Pronunciaram-se, neste sentido, os seguintes acórdãos, entre outros para além do já citado: acórdãos da Relação do Porto, de 2 de Novembro de 2011 (processo 1173/10.0GBMR.G1, relatado por Fernando Monterroso) e de 6 de Junho de 2012 (processo 1316/09.6TASTS-A.P1, relatado por Maria Leonor Esteves); acórdãos da Relação de Guimarães, de 22 de Fevereiro de 2011 (processo 104/10.1GAEPS-A.G1, relatado por Paulo Fernandes da Silva) e de 11 de Abril de 2011 (processo 1907/09.5PBGMR.G1, relatado por Filipe Melo, publicado na C.J., Ano XXXVI, tomo II, p. 307); acórdão da Relação de Lisboa, de 10 de Maio de 2013 (processo 10317/05.2 TDLSB-A.L1, relatado por Alda Casimiro, este não publicado).
Temos, assim, dois entendimentos diversos quanto à mencionada questão: saber se, face ao Regulamento das Custas Processuais, na redacção anterior à Lei n.º 7/2012, era devido o pagamento prévio de taxa de justiça no pedido civil, de valor igual ou superior a 20 UC, deduzido no processo penal.
Independentemente de aderirmos à posição enunciada em segundo lugar – que é a perfilhada por Salvador da Costa, ob. cit., p. 275 -, certo é que, a nosso ver, salvo melhor opinião, a discussão da questão, neste momento, mostra-se descabida.

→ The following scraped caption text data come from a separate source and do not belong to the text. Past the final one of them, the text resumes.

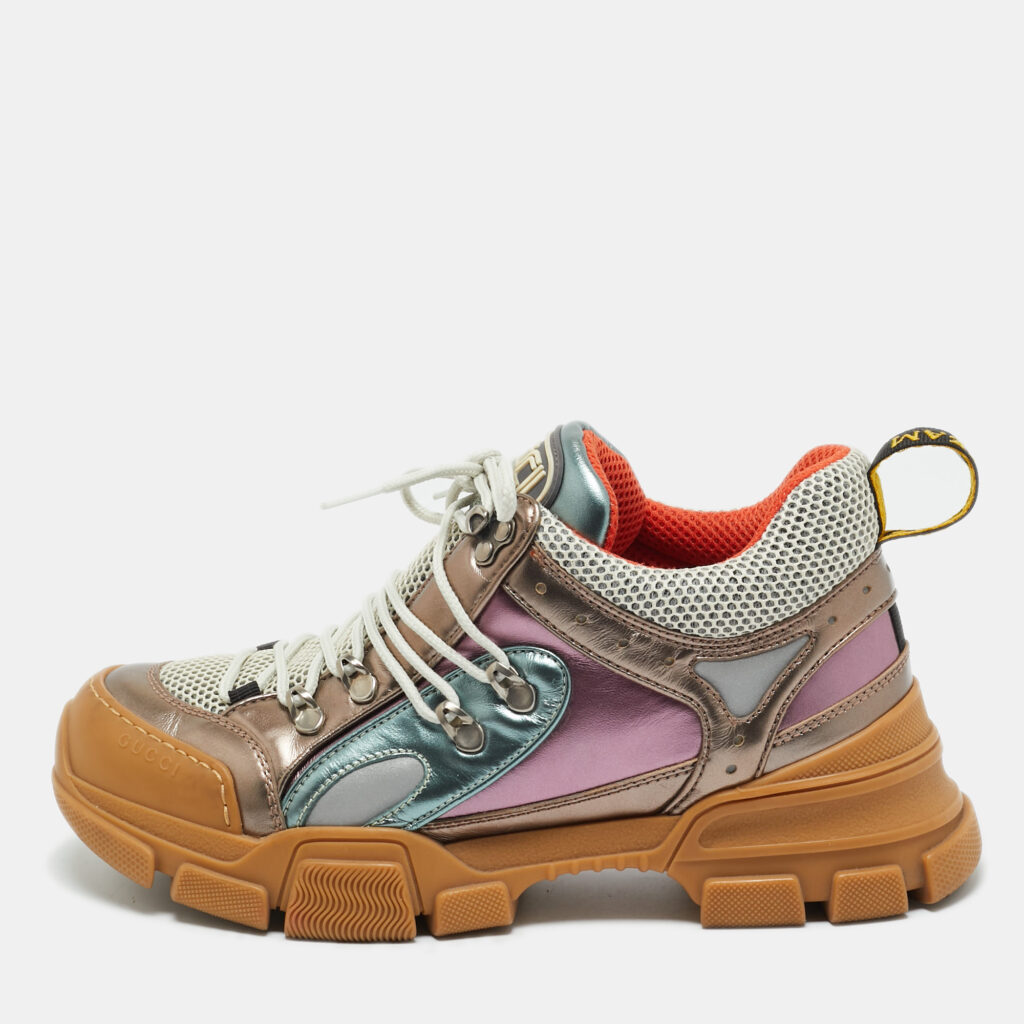 Gucci Multicolor Knit Fabric and Leather Flashtrek Lace Up Sneakers Size 40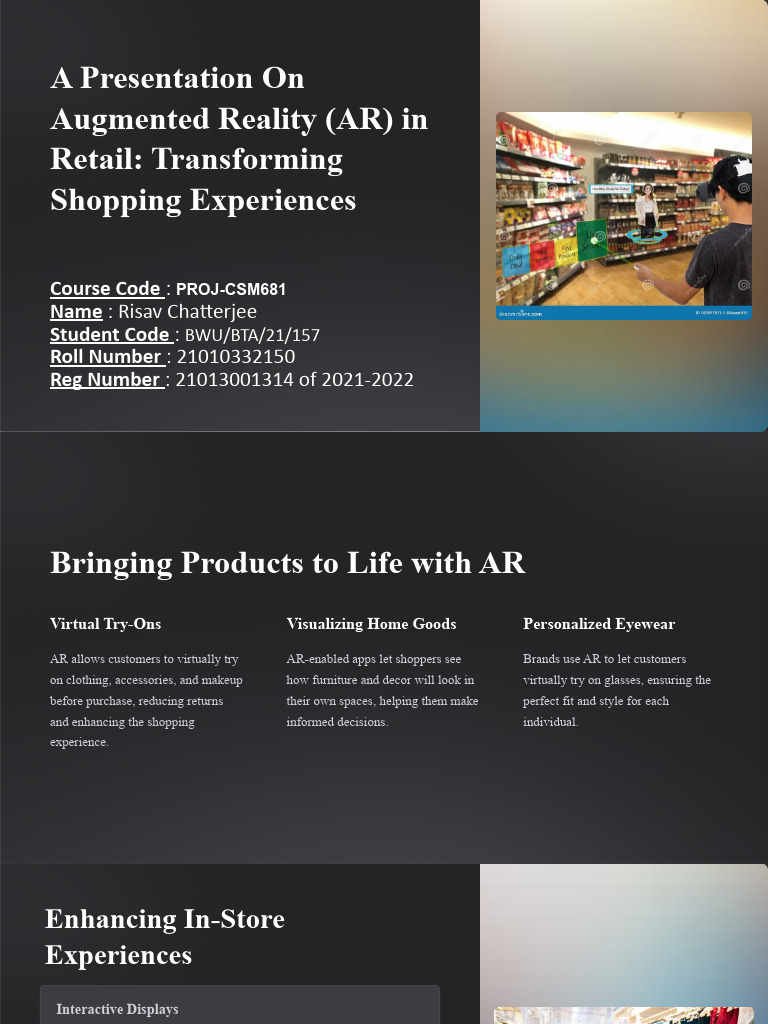 Augmented Reality AR in Retail Transforming Shopping Experiences | PDF ...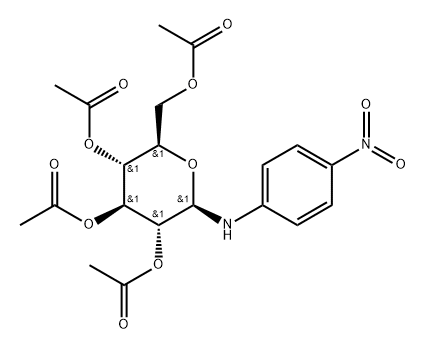 N-(4-Nitrophenyl)-2-O,3-O,4-O,6-O-tetraacetyl-β-D-glucopyranosylamine Struktur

O pedido de indemnização civil foi deduzido nos autos em 10 de Agosto de 2010 (cfr. fls. 328 e seguintes).
O demandante civil, ora recorrente, no momento da dedução do pedido civil, não procedeu à autoliquidação de qualquer taxa de justiça, o que não mereceu qualquer reparo, fosse de quem fosse.
O processo seguiu os seus trâmites, culminando com a prolação de sentença em 28 de Fevereiro de 2012, depositada em 27 de Março de 2012 (quando ainda não estava em vigor a Lei n.º7/2012), que transitou em julgado sem que alguma vez tenha sido suscitada a questão da falta daquele pagamento prévio da taxa de justiça.
O que é legítimo inferir dos autos é que o tribunal seguiu o entendimento de não haver lugar ao pagamento prévio de taxa de justiça nos pedidos civis deduzidos em processo penal, no que estava respaldado, como já se viu, num significativo e largo sector da jurisprudência.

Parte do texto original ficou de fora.